In March, Ron Savage shocked the music-loving world when he appeared on DJ Star's Star Chamber YouTube channel to accuse Afrika Bambaataa of sexual molestation as far back as the early 1980s. Savage later spoke, in greater detail, to the New York Daily News, and, now VICE has interviewed Savage, along with two other men who have come forward with similar accusations.
Savage describes meeting Bambaataa at a neighborhood hip-hop party in the Bronx River Houses. "To me, he was cool. He was like a god," Savage told VICE's Dave Wedge. "It was like, 'This is the guy I had always heard about.' Everybody knew who Afrika Bambaataa was back then." Savage became a "crate boy" for Bambaataa and the Zulu Nation crew, carrying records to gigs for the DJs. Savage says that Bambaataa molested him in 1980 and abused him at least four or five more times.
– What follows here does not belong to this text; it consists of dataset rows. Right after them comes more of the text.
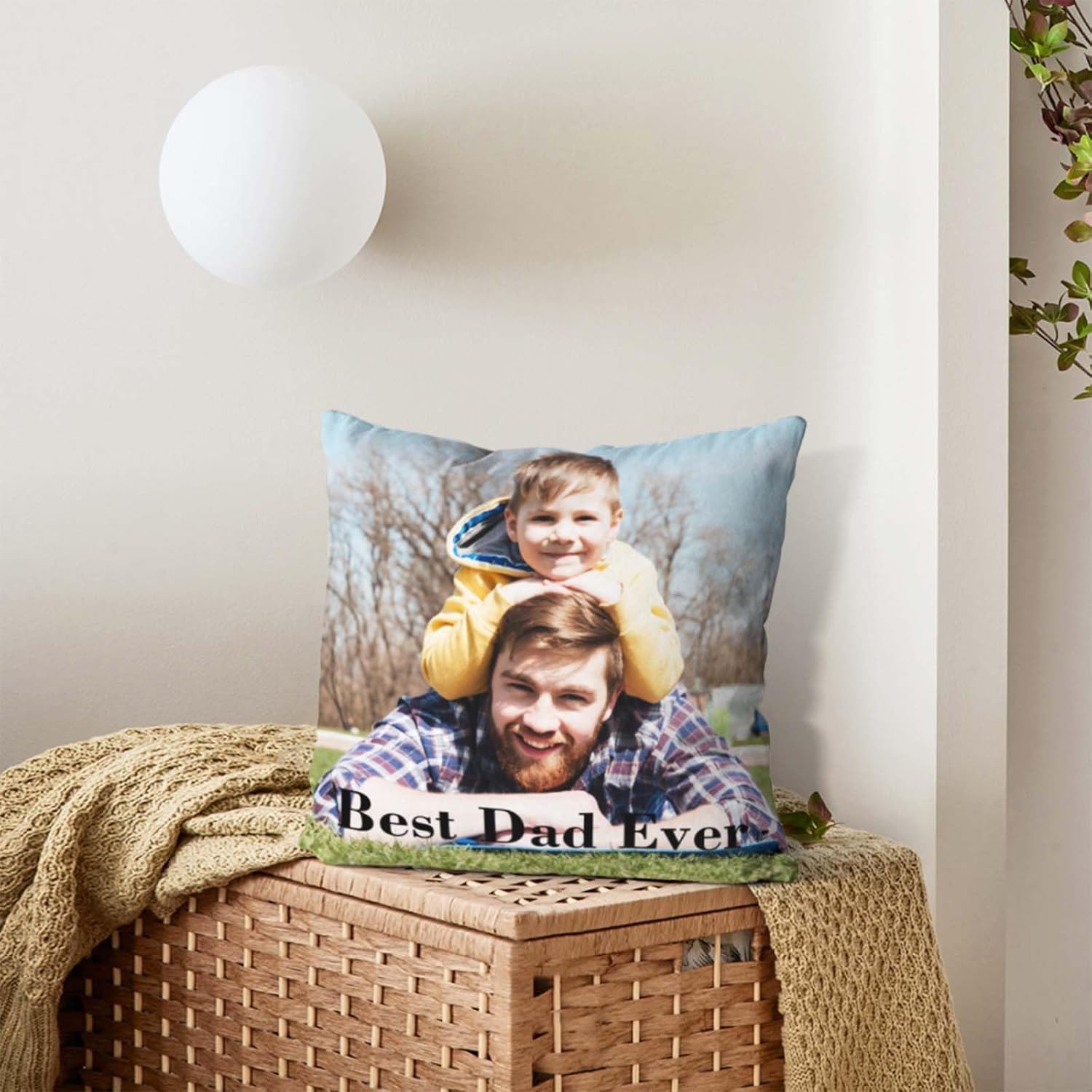 Custom Photo Pillow 18"x18" - Personalized Double Sided Pillows Cover with Picture Text, Soft Decorative Throw Case, Unique Gift for Couples, Family, Friends（Pillow Insert Included）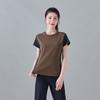 Color blocking splicing round neck short sleeved casual sports T-shirt for women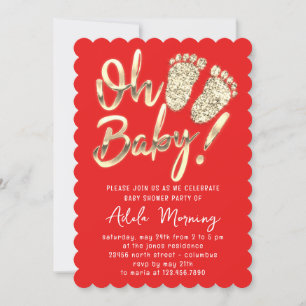 Golden Feet Baby Girl Boy Shower Red Kaart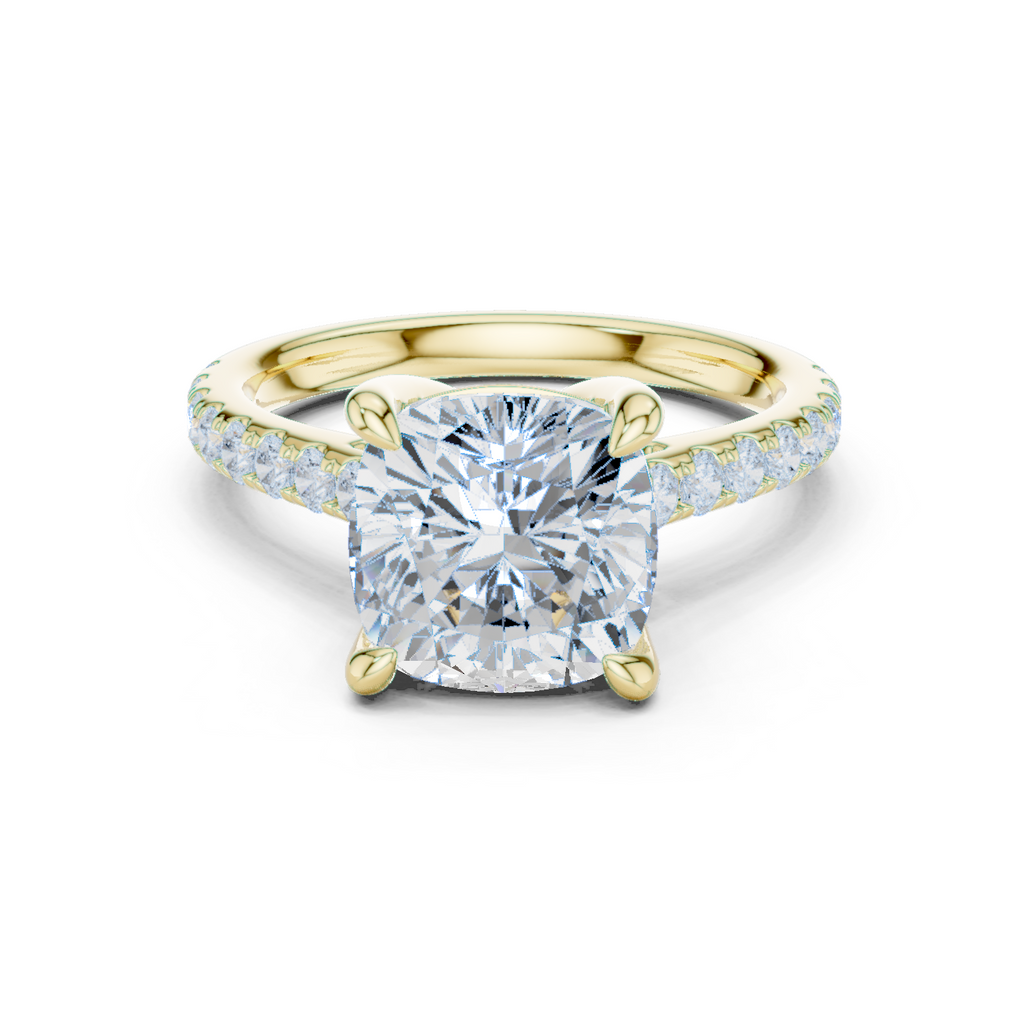 Cushion Cut Hidden Halo Diamond Engagement Ring
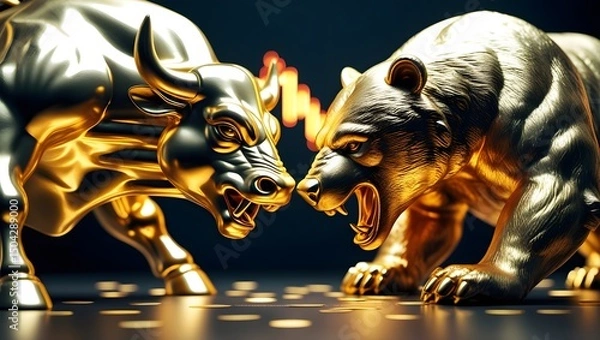 Fototapeta Golden Bull and Bear Statues with Stock Market Chart Background, Symbol of Financial Market Trends, Investment, and Trading
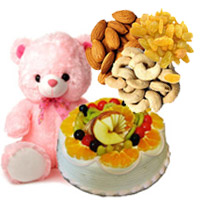 Order for 12 inch Teddy 1 Kg Eggless Fruit Cake in India Online from 5 Star Bakery with 500 gm Assorted Dry Fruits for Gifts to India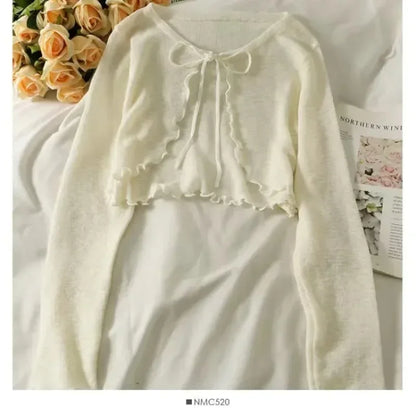 Female Summer Thin Sweater Shirts Lady Full Sleeve Laced Knitted Cardigan Outwear for Woman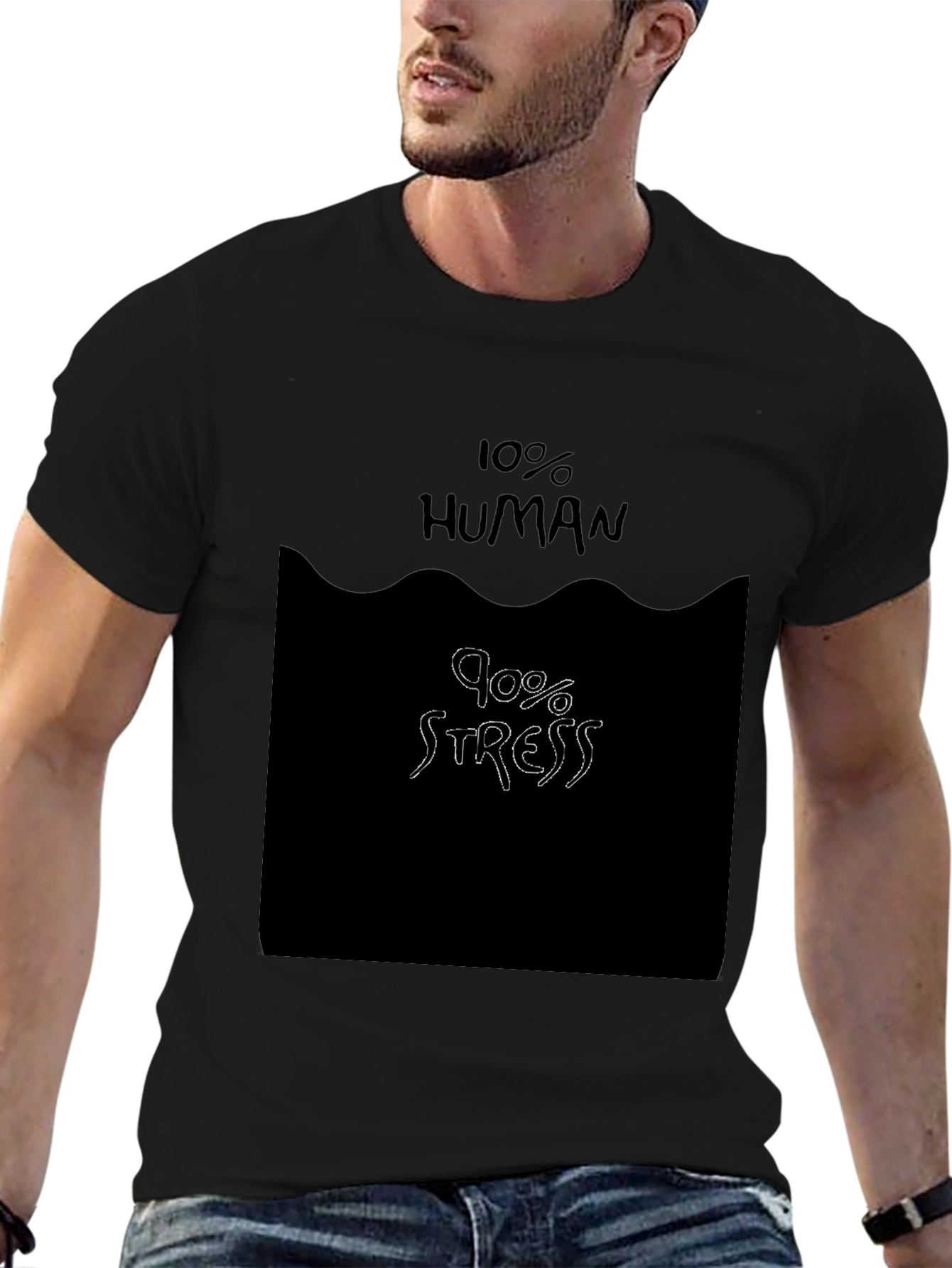 Funny 10% Human 90% Stress Black T-Shirt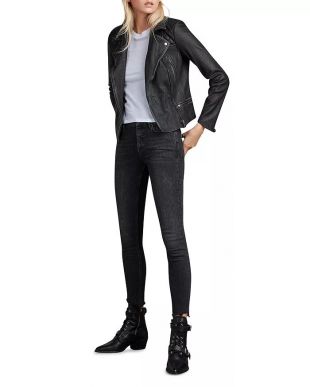 Cargo Quilted Leather Biker Jacket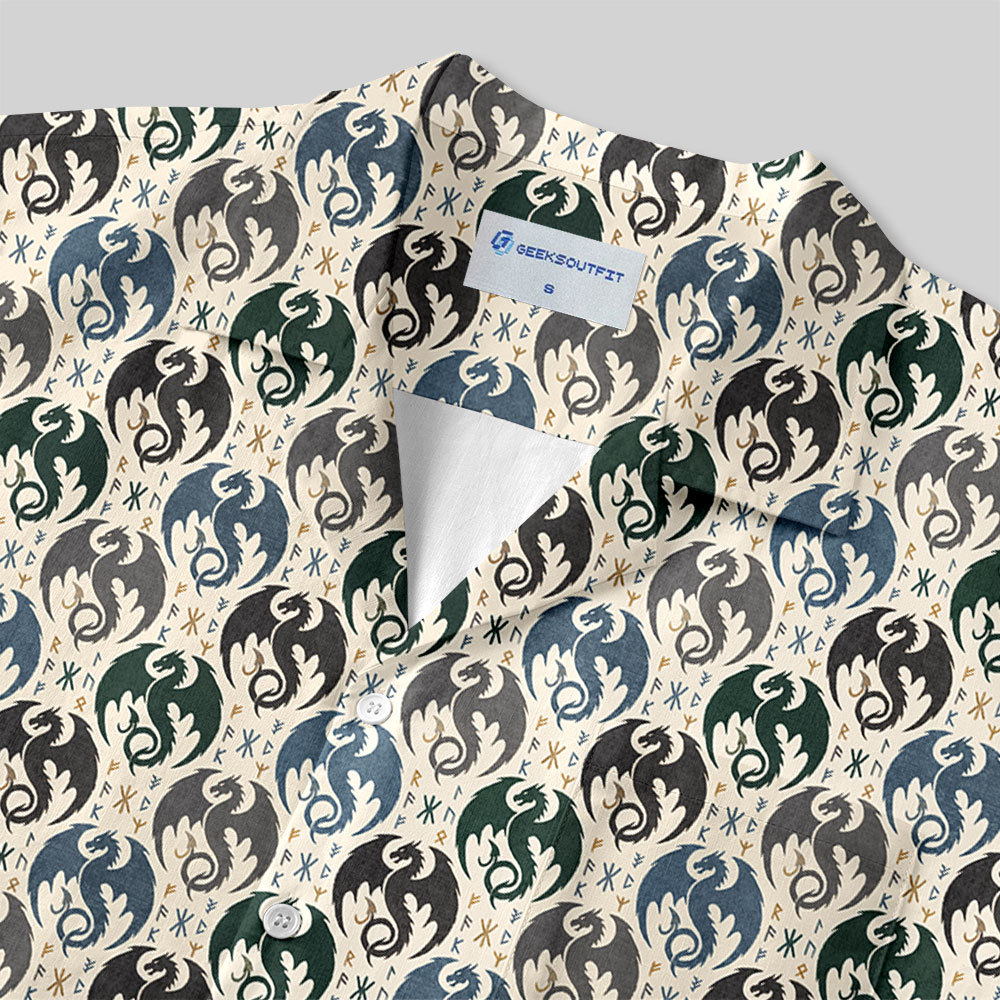 Draconic Elegance Button Up Pocket Shirt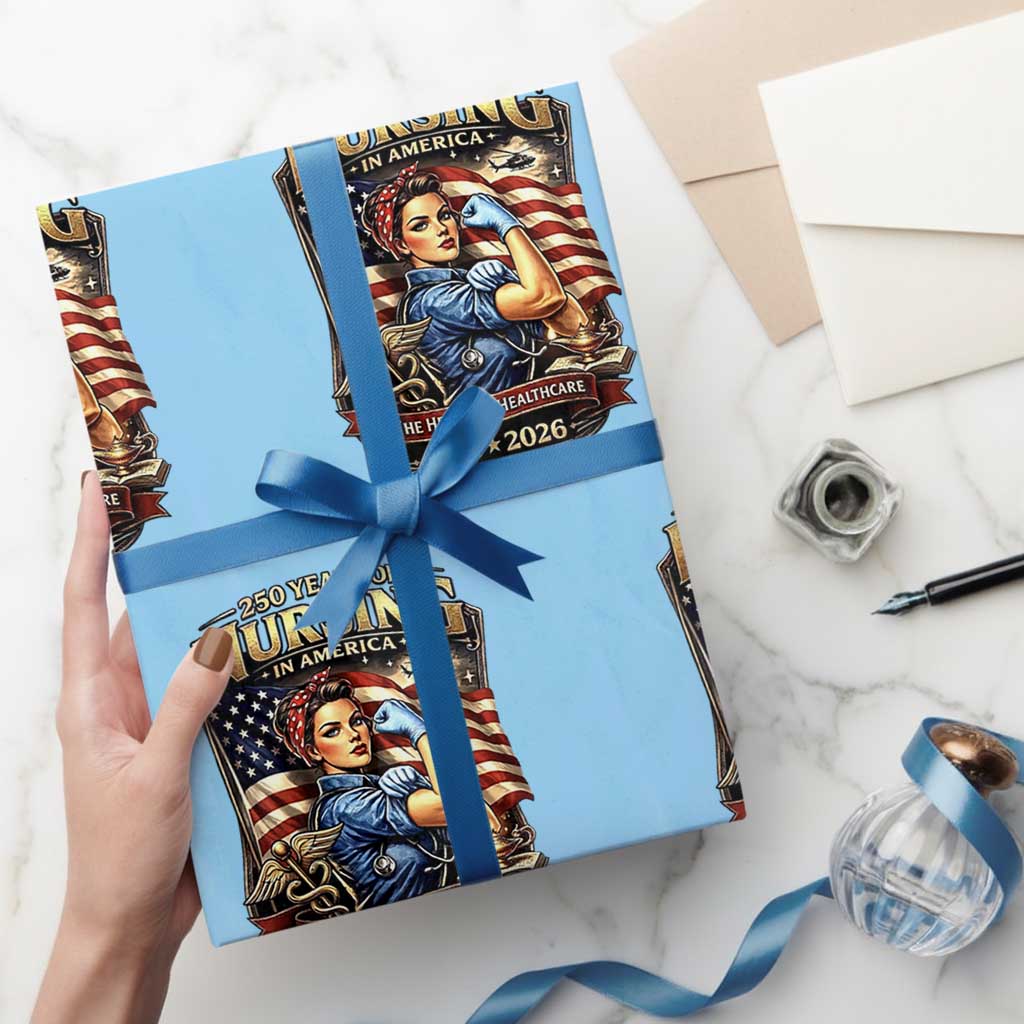 Patriotic Rosie Nurse Feminist Pride Wrapping Paper Roll 250 Years Of Nursing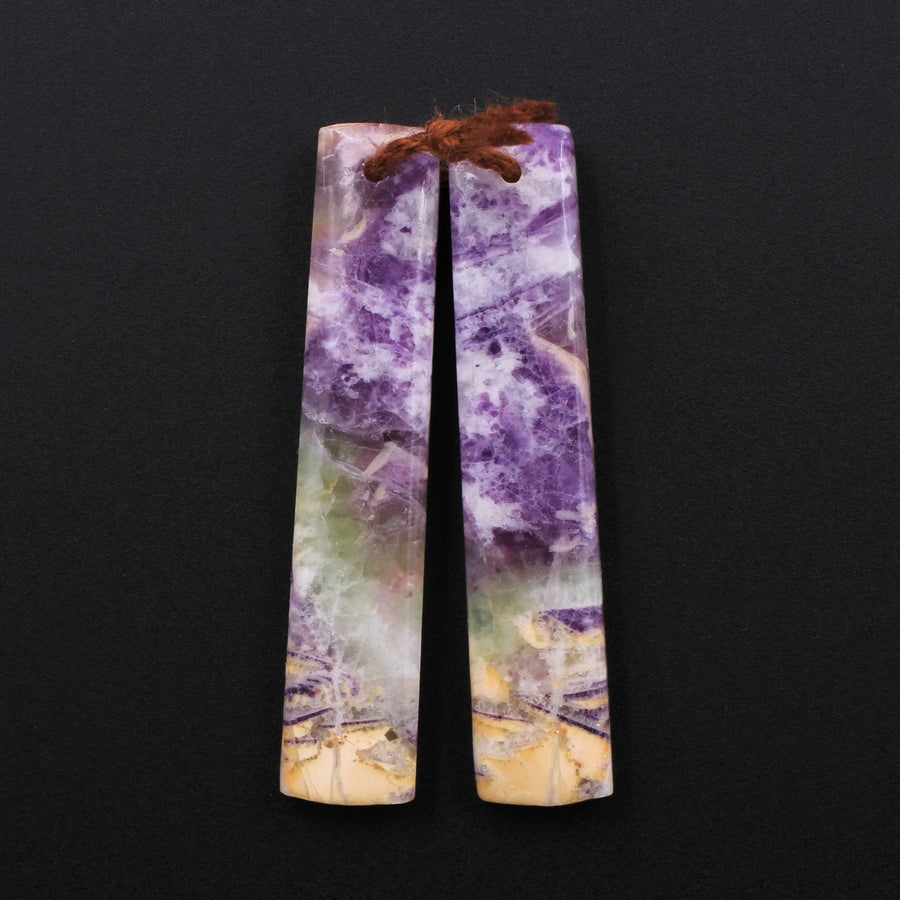 Drilled Natural Petrified Purple Fluorite Earring Pair Long Rectangle Cabochon Cab Pair Matched Earrings Beads Stone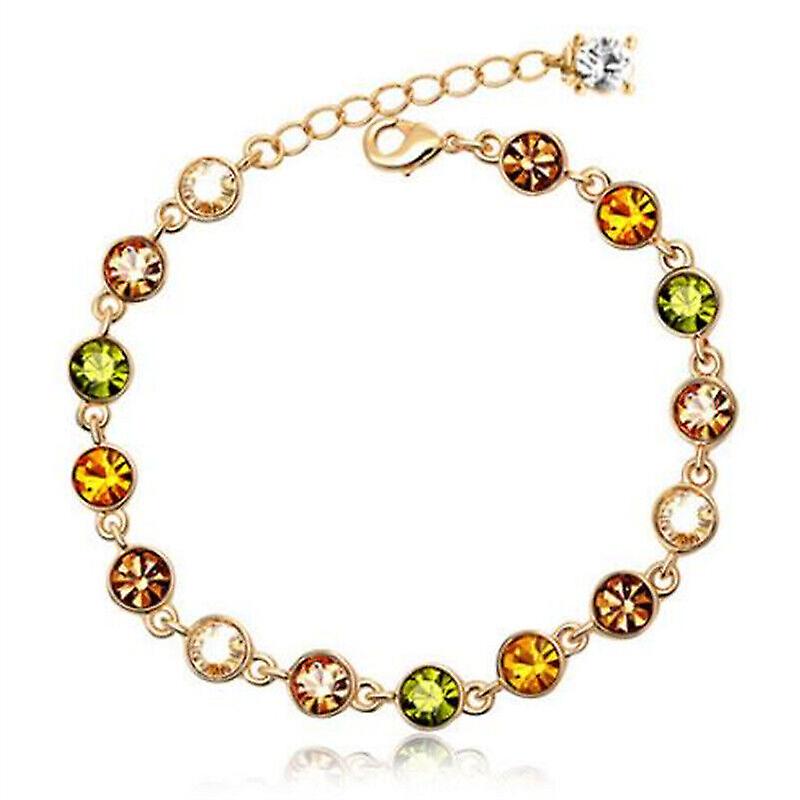 925 Silver Gold Women Cubic Zirconia Chain Bangle Cuff Bracelet Wedding Jewelry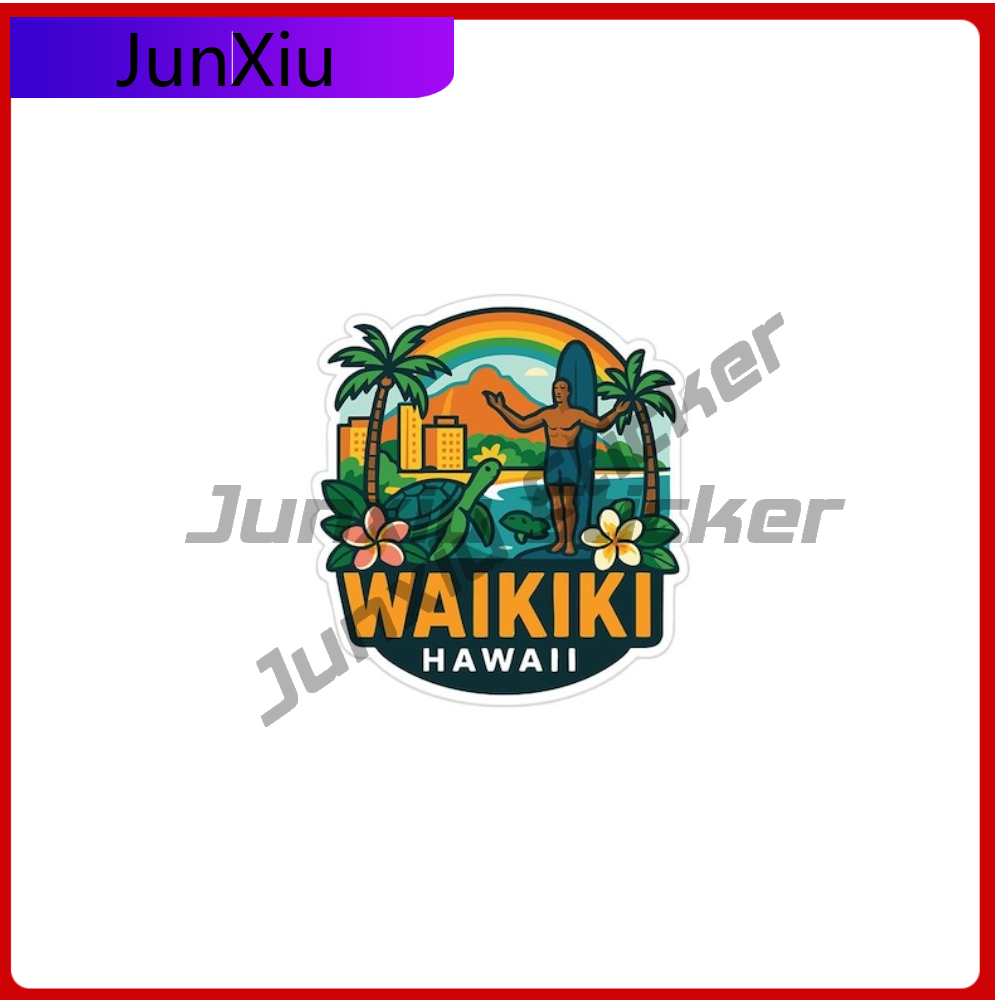 Travel Accessories Hawaii - สติกเกอร์ไวนิลลายวิคิกิ ฮาวาย สำหรับตกแต่งรถยนต์ รถบ้าน กระจกหน้ารถ กันชน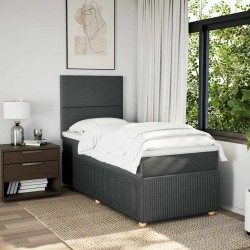 Sommier à lattes de lit avec matelas Gris foncé 80x200 cm Tissu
Hassan Campbell, and a man who is only identified by his first name "Troy" in the article, grew up in the Bronx River Houses and were also drawn to Bambaataa through the regular parties that occurred in the public housing complex. All three victims that spoke to VICE for the story claim that rumors of the abuse had been common knowledge in the Bronx for decades. They also told Wedge of "a decades-long cover-up by the Zulu Nation and a hidden network of victims whose lives were allegedly haunted by death threats, suicides, drug abuse, and violence."